However, the juice vendor does not consider this a long-term job. “When I find another opportunity, I will go for it,” he says. “This is temporary.”
While the qasab gives Rhandour and Amribaj an opportunity to support themselves, there is some sense of distrust toward the vendors by the public.
Brahim Elataoui, 48, the head chef at the Central for Cross-Cultural Learning in Rabat, is one such voice of opposition. The advertised health benefits of the sugarcane, Brahim says, depend on the quality of the crop. Thick stalks and a deep green tint are indicators of high quality sugarcane.

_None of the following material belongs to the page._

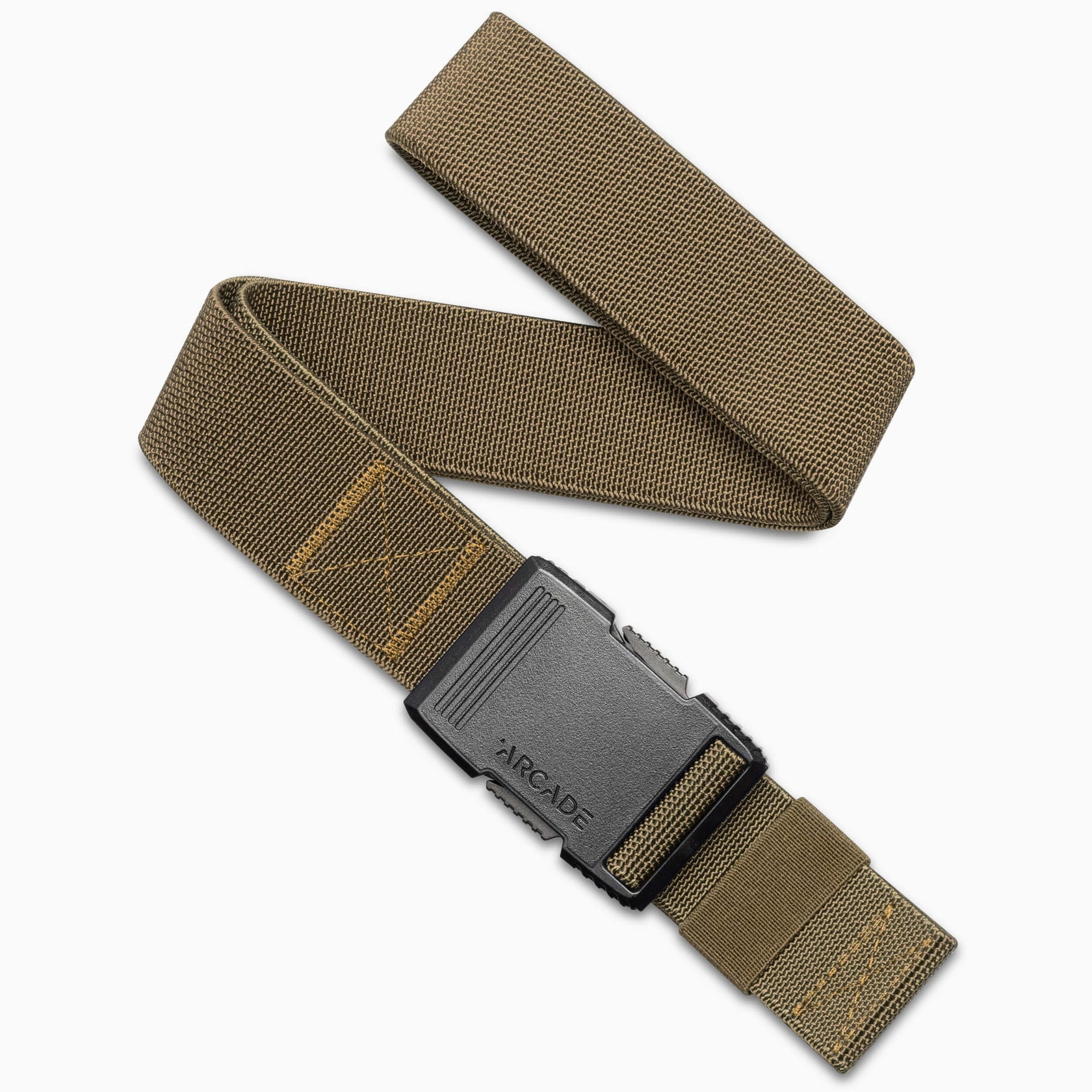 HARDWARE UTILITY STRETCH BELT Coyote *LONG*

According to Brahim, however, street vendors only use the cheap ones.
He also argues that the cleanliness of both the machine and the vendor cannot be trusted. “They don’t clean the qasab. I see it when they put put the wood in. I don’t like this manner,” he says, adding that he would rather buy the juice from a supermarket.
As for regular customers, many are content with enjoying the peace of mind that comes with the sweet flavor of the sugarcane juice.
“I don’t want to think about it that much,” says Boulaid, who drinks the sugarcane regularly. “You just pay, drink, and don’t think twice about it.”
At any mention of the dispute over the cleanliness of his product, Amribaj becomes defensive.
He insists that he takes care of the machine by cleaning it daily, and he turns to the woman running the neighboring corner store to verify his story. He takes all precautions, making sure that the customer is watching when he pours the drink into their cup to avoid any misunderstandings.
After all, his livelihood depends on it.